Não é de hoje que a beleza de São João del-Rei seduz e encanta pintores, que se esmeram na busca de cores e no domínio dos pincéis, gravuras e aquarelas, para tentar retratá-la, segundo cada olhar. De Rugendas e R. Whalsh a Pancetti, Guignard, e Carlos Bracher, passando por vários outros artistas plásticos, inclusive são-joanenses, Carlos Magno, Paulinho, Fábio Braga, Mauro Marques, Wangui, entre outros, a verdade é que não se tem notícia da existência de um catálogo com registro de artistas plásticos que pintaram paisagens de nossa terra.
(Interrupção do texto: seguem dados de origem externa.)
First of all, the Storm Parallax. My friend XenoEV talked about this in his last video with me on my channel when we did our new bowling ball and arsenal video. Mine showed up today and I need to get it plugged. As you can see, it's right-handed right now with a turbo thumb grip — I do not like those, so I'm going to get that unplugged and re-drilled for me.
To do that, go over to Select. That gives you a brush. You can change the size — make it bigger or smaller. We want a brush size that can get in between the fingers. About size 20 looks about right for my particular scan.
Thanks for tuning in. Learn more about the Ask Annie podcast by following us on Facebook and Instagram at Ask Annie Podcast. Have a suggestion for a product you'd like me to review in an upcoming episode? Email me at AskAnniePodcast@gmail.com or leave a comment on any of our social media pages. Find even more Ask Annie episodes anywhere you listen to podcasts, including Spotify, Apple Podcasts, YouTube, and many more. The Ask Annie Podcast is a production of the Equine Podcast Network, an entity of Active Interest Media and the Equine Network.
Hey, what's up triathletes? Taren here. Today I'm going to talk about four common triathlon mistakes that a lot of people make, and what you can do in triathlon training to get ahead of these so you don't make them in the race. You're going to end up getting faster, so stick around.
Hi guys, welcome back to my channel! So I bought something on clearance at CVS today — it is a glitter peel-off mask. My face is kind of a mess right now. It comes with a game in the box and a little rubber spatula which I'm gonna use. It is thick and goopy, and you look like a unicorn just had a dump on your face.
Taí uma sugestão: nestes tempos de hiperconectividade, po rque não começar a elaborar um catálogo virtual, de participação coletiva e voluntária, aberto para inclusões, correções e atualizações? Para ser uma "obra" séria, o ideal é que esta ação estivesse sob a responsabilidade de um pesquisador, de um profissional especializado, de uma pessoa verdadeiramente interessada na pesquisa ou de alguma instituição, de modo a garantir a qualificação, a pertinência e a veracidade das informações relativas às imagens. Nome da obra, nome do artista, técnica usada, possível data, se é propriedade pública, institucional ou particular/pessoal e onde se encontra. Em princípio, nada mais do que isso. Caso sequer este conjunto de informações fosse possível, ou mesmo nenhuma delas, a inclusão da imagem já seria um registro importante - o primeiro passo para, em algum momento, alguém garimpar e encontrar estes outros dados.
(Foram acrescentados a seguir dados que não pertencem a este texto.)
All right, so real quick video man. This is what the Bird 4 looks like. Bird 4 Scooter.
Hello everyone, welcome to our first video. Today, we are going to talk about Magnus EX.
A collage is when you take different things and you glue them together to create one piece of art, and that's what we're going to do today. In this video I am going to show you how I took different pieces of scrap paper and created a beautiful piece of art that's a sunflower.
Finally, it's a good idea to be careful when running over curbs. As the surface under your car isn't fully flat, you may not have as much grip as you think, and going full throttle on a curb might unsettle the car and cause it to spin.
Não apenas as obras de grandes nomes, de mestres consagrados, mas também de artistas populares com sua produção desconhecida, singela, ingênua, mas igualmente importante e bela. Como por exemplo o quadro acima - óleo sobre eucatex aproveitado, comprado há mais de 10 anos em uma exposição na Casa Paroquial do Pilar, durante uma Semana Santa. Até hoje está sem moldura e tem somente esta assinatura: Lucas.

Certamente foi pintado como uma introdução à arte de pintar ou apenas como exercício, por alguém que estava se aproximando das cores e das tintas. Entretanto, é uma obra bela, de valor estético e humano, criada e materializada com o romantismo puro de uma pessoa  que à época talvez fosse muito jovem, capaz de imaginar o mundo com as luzes e as névoas do Paraíso. Sem dúvida, seria muito importante identificar e localizar este autor/pintor, para resgatar a história deste quadro e até saber se ele deu continuidade à carreira de artista plástico.

Os são-joanenses amam demais São João del-Rei e é certo que muitos deles têm paisagens e monumentos de nossa terra retratados em quadros e outros suportes artísticos - pinturas, gravuras, porcelanas, desenhos, aquarelas, azulejos - decorando suas casas. A informação encaminhada por estas nobres pessoas, juntamente com o envio de uma foto, seria o primeiro passo e o combustível necessário para a produção deste catálogo, que pode mesmo até tornar -se um guia.

E todos ganharão com isso: os são-joanenses, a cidade, a arte e a cultura!